OK. I want to show you the consistency of the glue, once it’s been cooked for a little while here, and it’s stirring up nicely. But one of the tests is, I can take this, and if it runs off the brush like this without– just a nice, continuous run right off of the brush. That’s what we want. That’s a nice consistency of good, hot glue.

Now one of the disadvantages to hide glue is that it can tend to gel up fairly fast. So it’s helpful to work in a heated shop or to even preheat the joint. Sometimes I’ll use a heat gun, just to preheat the joints.

Another way to extend the working time of the glue is to add some urea. And this is just some urea, 46-0-0. I actually found this on Amazon. Five pounds of it is, like, $10 or something. So this will last me probably two lifetimes. So if you need any urea, you know where to call.

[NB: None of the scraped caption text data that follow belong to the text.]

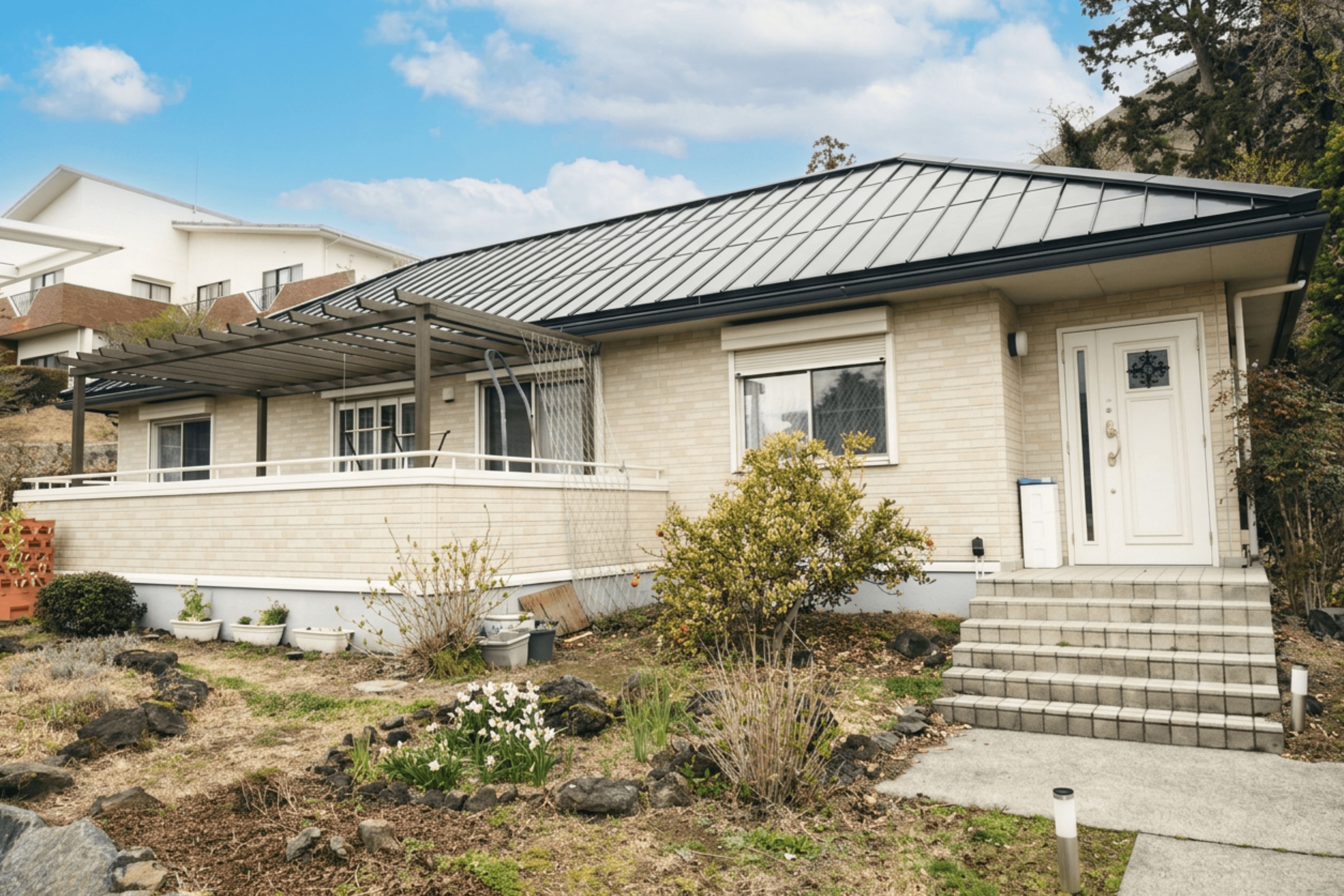 屋根リフォームの費用はいくら?価格を決める4つの要素と見積もりの読み方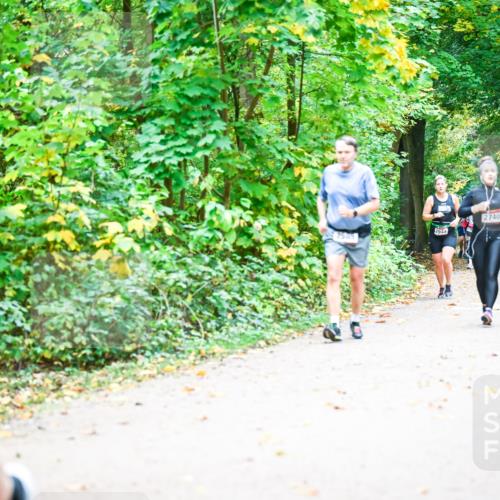 12.10.2025 - Bramfelder Halbmarathon 2025 Dr. Thomas Lammeyer http://msf.ph/oto/9343405 12.10.2025 09:58:21 Laufen 2944, 2585, 2740, 2893 meine-sportfotos.de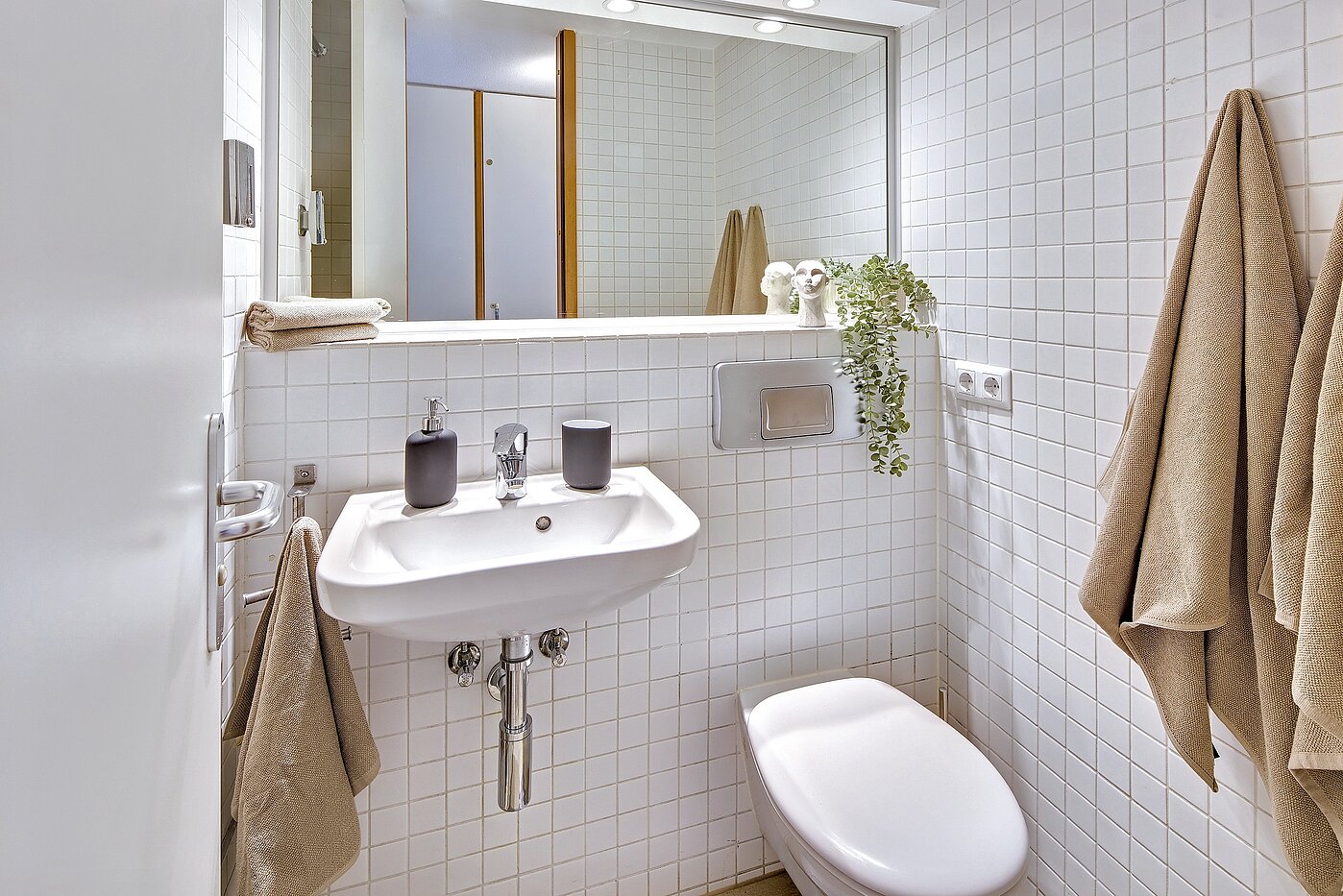 Apartment avec 1.5 pièces | München-Maxvorstadt | 70273 | Bad mit...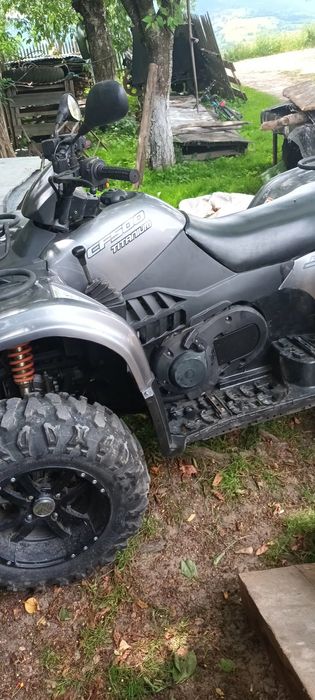 Vîd,ateveu cf moto 500aproape  nou de preferat schimb cu suzuchi vitar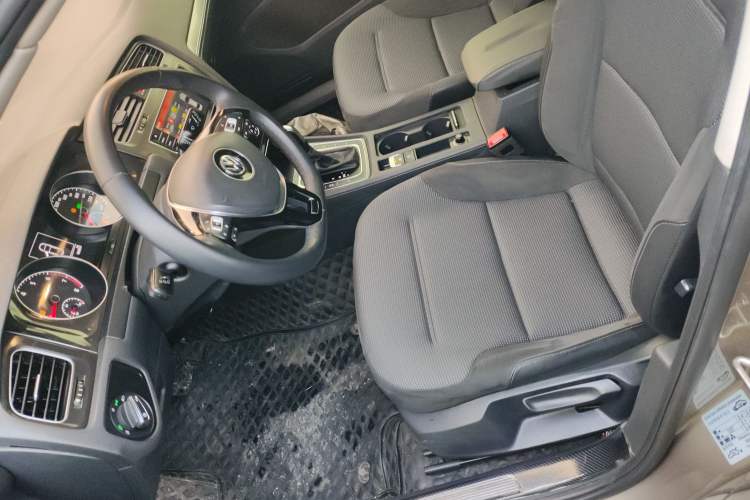 Used Volkswagen Golf 2019 280TSI DSG Comfort Version China VI Standard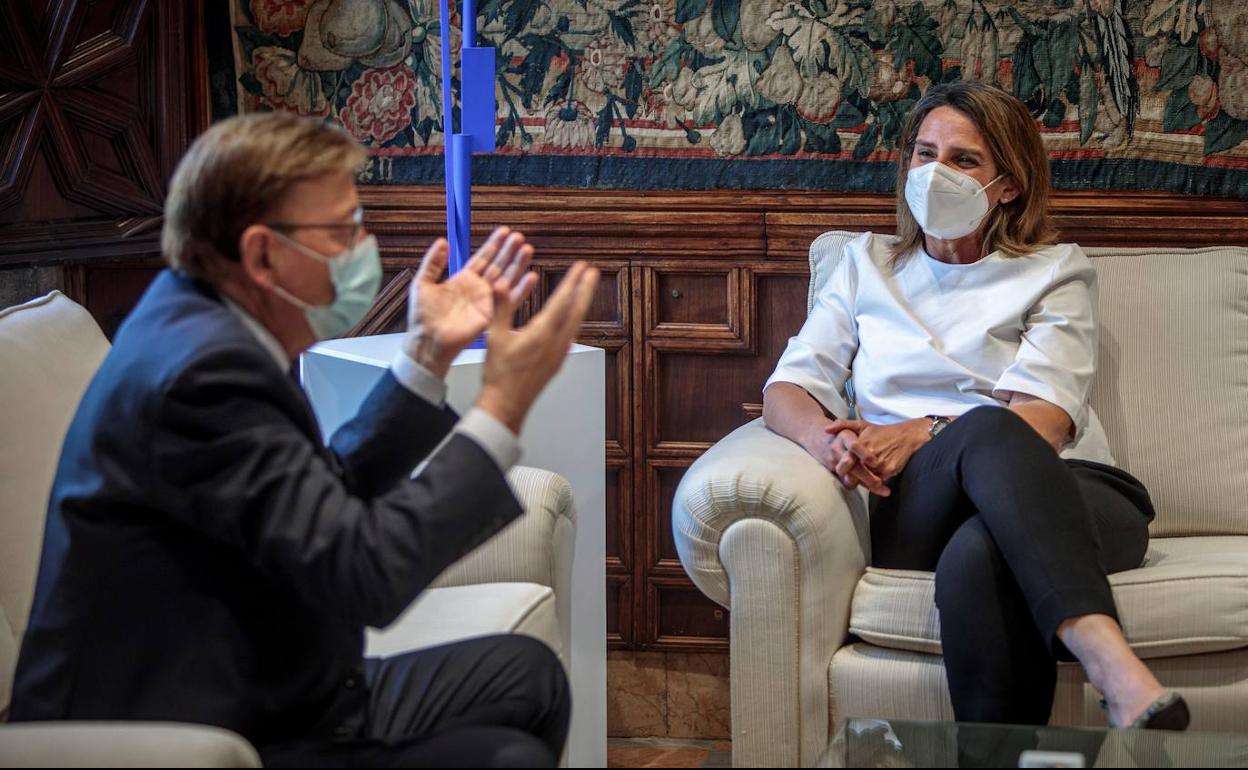 El presidente de la Generalitat, Ximo Puig, junto con la ministra para la Transición Ecológica, Teresa Ribera, en la reunión celebrada este miércoles.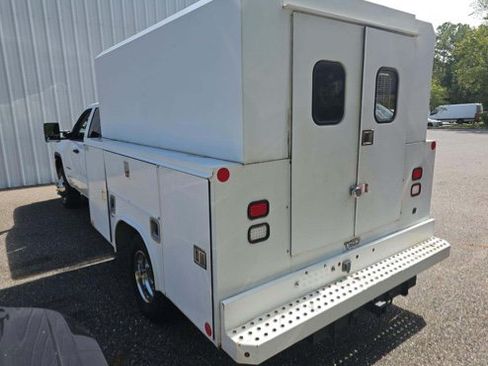Used 2018 GMC Sierra 3500 2WD Crew Cab w/ Sierra Convenience Package image 2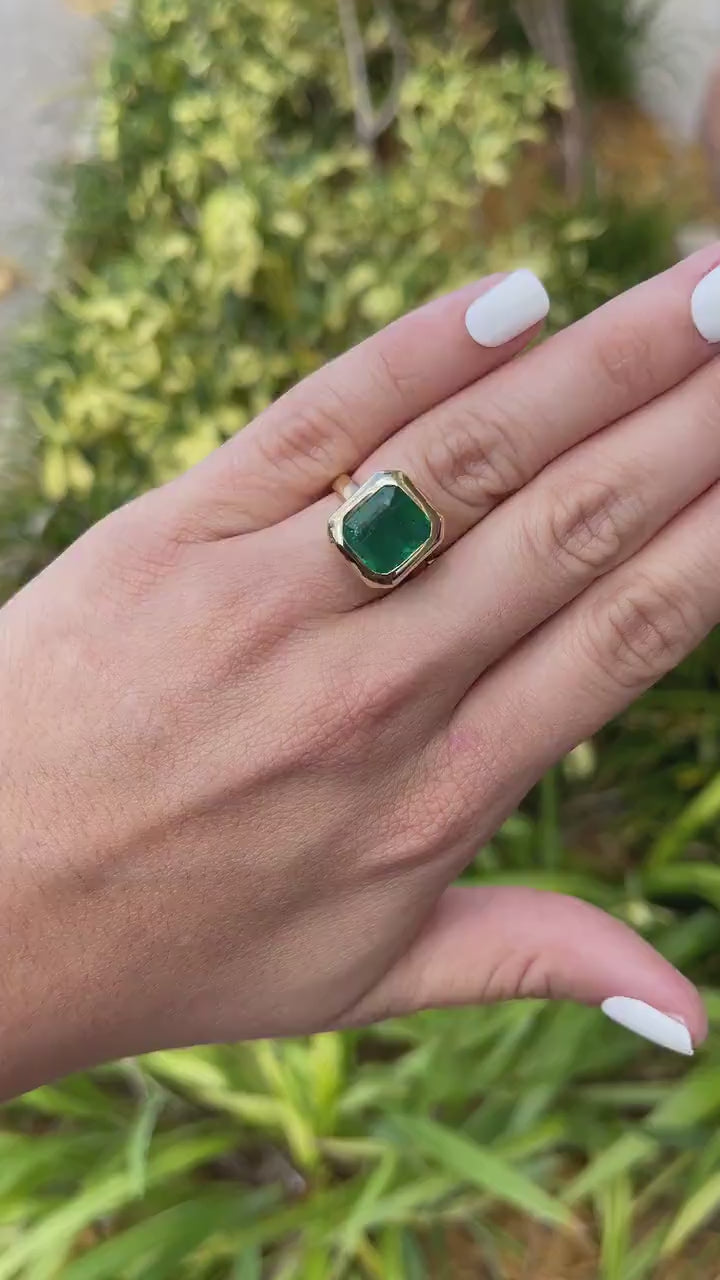 7.58ct 18K AAA Natural Large Emerald-Asscher Cut Solitaire Bezel Set Gold Statement Ring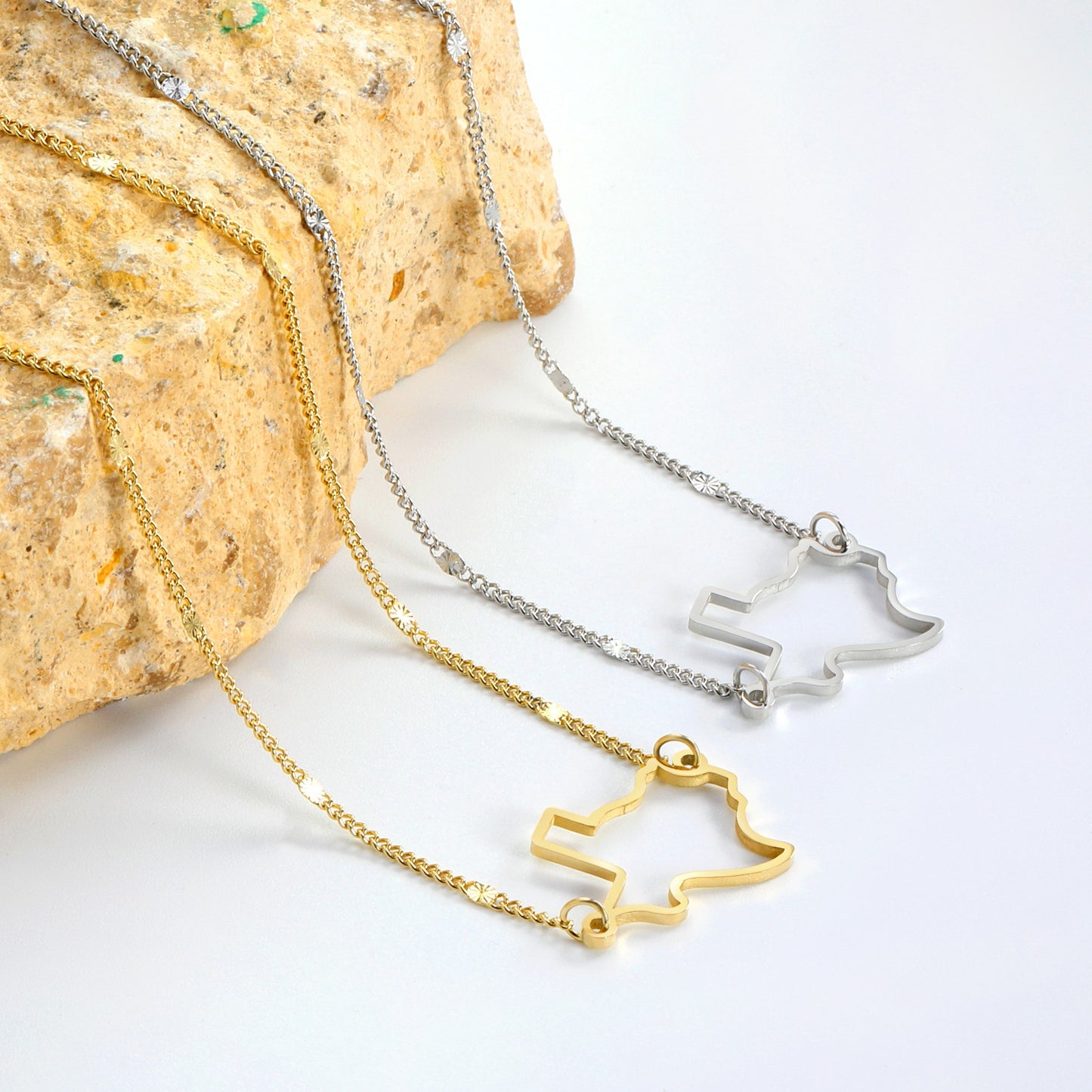 « Le charme de l'étoile solitaire : collier pendentif Texas »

Now the key here is not to add too much of this. What I’m going to do is add about a half a teaspoon to about a quarter of a cup of glue. That’s what I’ve found works pretty well. On Eugene Thordahl’s website he has a chart that has some of the descriptions of how much urea to add to the glue to extend the work.

So I just take a half a teaspoon here and just pour that right into there. And what happens is, as the glue is cooked and warm, these things will just dissolve in the hot glue. And once it’s dissolved well, you just stir it up well, and that will extend the working time of the glue.

OK. One of the great things about hide glue is, unlike any other glue, you can actually reuse your waste glue. That is, if you have some squeeze-out, excess glue coming out of a joint– look at this. So you can come right over here and just take that. This is still kind of in a gel-like substance here. And you just put it right back in that glue bottle, and you can reuse, recycle, the glue. So no waste here. Look at this. I can just take all of this excess glue and put it right back in there.

And it’s easy to clean this stuff up. It just comes right off. But it’s super strong. There was a fellow that works at the Smithsonian as a conservator, and he said that hide glue was just about as strong as epoxy. It’s hard to believe, isn’t it?

But the downside to hide glue– there is a downside, and that is that high heat and moisture will break down the glue. But hey, there’s been pieces of furniture that were made hundreds of years ago. They’re still held together with hide glue.

And if it needs to be repaired, it’s easy to repair. You can just reconstitute the glue, just put the fresh layer of glue right over it. It will reconstitute itself, and you can repair your joint.

So go get some hide glue. Try it. I think you’ll find, as I have, that you really enjoy using it.

One Response to Hide Glue

  1. Russell Buskirk March 21, 2015 at 9:26 PM #

    Hide glue is probably the best glue for furniture; for new work and definitely for antiques. I conserve antiques and did an end-grain glue test in 1990; it is still holding strong! Period antique furniture is made with hide glue. If a joint is loose; just inject new hide glue into the joint. It will re-activate the old crystallized glue and be as good as new.

    I use a crock pot with a 3.5″ dia. stainless steel container to hold the glue.

    A rule of thumb: If you have short sleeves on; the wood is probably warm enough. If you have long sleeves; heat the wood with a lamp or heat gun.